Number of files downloaded per user query
The following was my procedure for making corrections to this ad-hoc Moodle query:
Expanding out the sub-query and running it in DBeaver, could see the discrepancies in the count. Changed the select count() to just select, then went step by step to identify which rows were causing discrepancies, copy-pasting the filenames to adjacent columns on a temporary google sheet for easy comparison.
It turns out the bugs in the query were due to some assumptions which I made about the prefix_logstore_standard_log table:
1. I assumed each file download led to a single log entry - no, there are multiple log entries for each download
2. I assumed that the shorter query which I used for counting the number of files will be sufficient, apparently it is not.
3. There were also overcounting in case the user was downloading the same file multiple times.
So, I have made some modifications to both the queries, now they shows the number of files downloaded which are of non-zero size. The files listing only shows one filename for each download and does not indicate multiple downloads, so now I have modified the number of files counted per user also to ignore multiple downloads of the same file.
In the case of these users I tested, one user has download some files many times, like
Even after this, there were mismatches in the count. The reason is that was, the query "Number of files downloaded per user" counted only distinct filenames.
Now, there are some files with the same name, but with different content, like Fractions.pdf which occurs with different content in different courses. The listing of files shows these separately.

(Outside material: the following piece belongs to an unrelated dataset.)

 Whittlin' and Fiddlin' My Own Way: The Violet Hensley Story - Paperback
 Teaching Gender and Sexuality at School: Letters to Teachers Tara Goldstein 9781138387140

I can correct for this by choosing
count(distinct f2.contenthash) instead of
count(distinct f2.filename)
But still the numbers won't match. This is because there are some files with exactly the same name and same content, in different courses.
For example,
VI Maths || Fractions || VC_Way of Sharing from the Whole.pptx || 779583
VI TNSSE Maths || Fractions Term III || VC_Way of Sharing from the Whole.pptx || 779583
which have both been downloaded by the user we checked.
So, in order to count these files also separately, I will count
count(distinct concat(f2.contenthash,l2.contextinstanceid) instead of simply
count(distinct f2.contenthash)
Then it matches for this user.
Files downloaded per user query
The reason for the "short name of the course, resource reviewed and files downloaded mismatch" for the other query was wrong mapping of resourceid in the log.
In our query, we have
left join vv_resource r on l.objectid = r.id
i.e. we are mapping the objectid to resourceid. But this seems to be wrong.
To see why, I went through all the columns in the logstore log table.
There is a column which says objecttable. For those entries where objecttable says resource, the mapping is correct. For example, pdf files. The contextinstanceid seems to be unique to each course section.
So, I modified the query so that instead of "Resource viewed", I have put the column "Course Module" which shows the correct course module -
vcs.name, from
left join {course_modules} vcm on l.contextinstanceid = vcm.id
left join {course_sections} vcs on vcm.section = vcs.id
Then the query gives correct results for pdf files as well as other file types like pptx.